Marketing Manager
Sales Impacts of Employees Interacting with Customers
How much does employee interaction with customers help to close a sales deal? This was the question that leadership at furniture retailer asked Ariadne to help answer.
TARGETED ENVIRONMENT
The furniture retailer has a robust rug department and has dedicated employees to being present in the area to assist customers with questions and recommendations. Although there was an anecdotal understanding that more employees may translate to higher sales,there was no data showing a relationship between the two. Having an answer to this question could improve staffing schedules as well as have an impact on higher sales revenues.
PROJECT ENGAGEMENT
Using Ariadne’s small device sensors, the team placed monitors that focused only on the rug department to eliminate cross-over from other product areas. The sensors identified and quantified the total number of customers and employees in the department at any one time. The Ariadne team also collected sales numbers from the store during the test period for comparison purposes. The data shows a direct relationship between the number of employees available in the product department and subsequent rug sales. In the graph below, approximately the same number of customers were in the rug area at both 17:00 and 19:00. However, at 17:00 there were 16 employees present, and at 19:00 only 5 employees were present. Rug sales dropped despite a consistent number of customers, showing the employees’ impact of on customer purchases.

IMPACT OVER TIME
When examining the chart on the previous page, it becomes clear that the impacts to sales is dependent upon the number of employees present. The number of customers in the rug area varies throughout the day, but the increases and decreases in sales follow the same pattern of employee presence in the area.
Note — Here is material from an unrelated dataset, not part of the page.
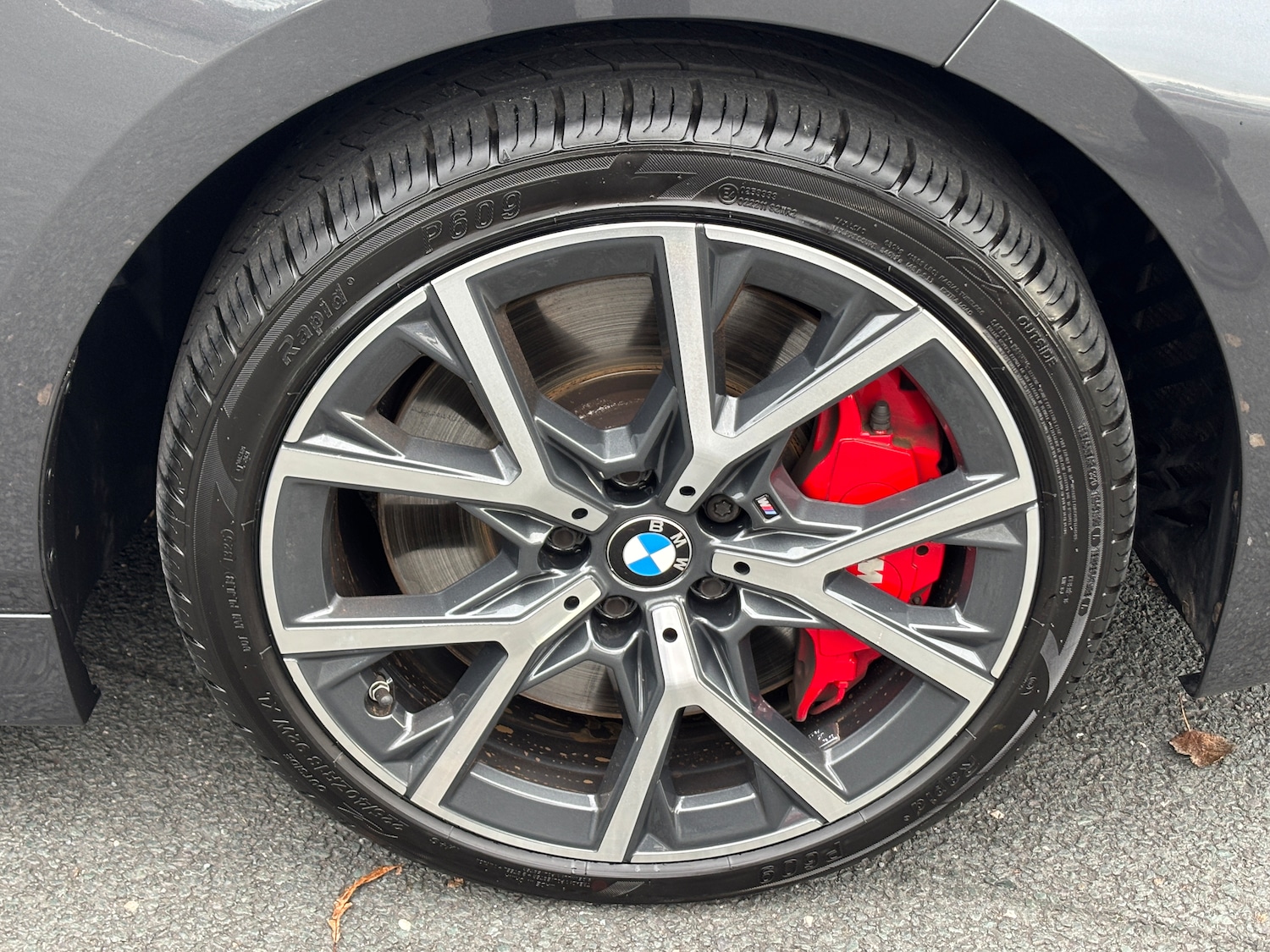 Used BMW 1 Series 2021 for sale - 76133748: Photo 11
On average, the data showed that when the area was at a 30% ratio of employee-to-customer count, sales were high, sustained, and measurable. When employee count dropped, so did sales.
While there is likely a margin of customers who are passing through the rug area on their way to another product section, the impact of the employee engagement on those who are rug shopping seems evident.
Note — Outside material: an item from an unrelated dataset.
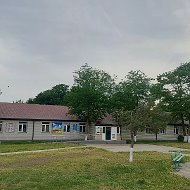 ГКОУ РД "Тельманская СОШ Тляратинского района "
Though the graph in Figure 1 shows details from a single day, Ariadne had the opportunity to map engagements over a period of one month in order to show consistent data findings. By combining the ongoing data collection from the placed sensors with rug sales data which was provided by the store, Ariadne was able to compare employee presence, customer presence, and sales by specific hours of the day. Examining the month of July 1 - July 31, Ariadne conducted a deep dive into the patterns of employee presence and sales for the rug product area. The results were clear: when employees were highly present, sales were made 88.2% of the time. Sales were only made 12.5% of the time when an employee was not present in the rug area.
Using the same 30% employee-to customer ratio identified above and comparing it to both customer counts and sales data obtained from the store, Ariadne analyzed the data to see if the opposite were also true: would sales be lost if employees were not present in the rug area?
The findings were clear: 87% of the time a potential sale was lost, there was a low percentage of employees in the area or none at all. Only 13% of the time a sale was lost when the employee-to-customer ratio was at optimum. These numbers show an almost exact inverse impact of employees being present or not to sales occurring or not.
FINANCIAL IMPACT
The average price of an retailer rug is approximately €120. Given the average number of sales lost due to lack of employees in the area, it could have a financial impact of €42k in lost revenue for the store in the month of July and a loss of approximately €500k annually.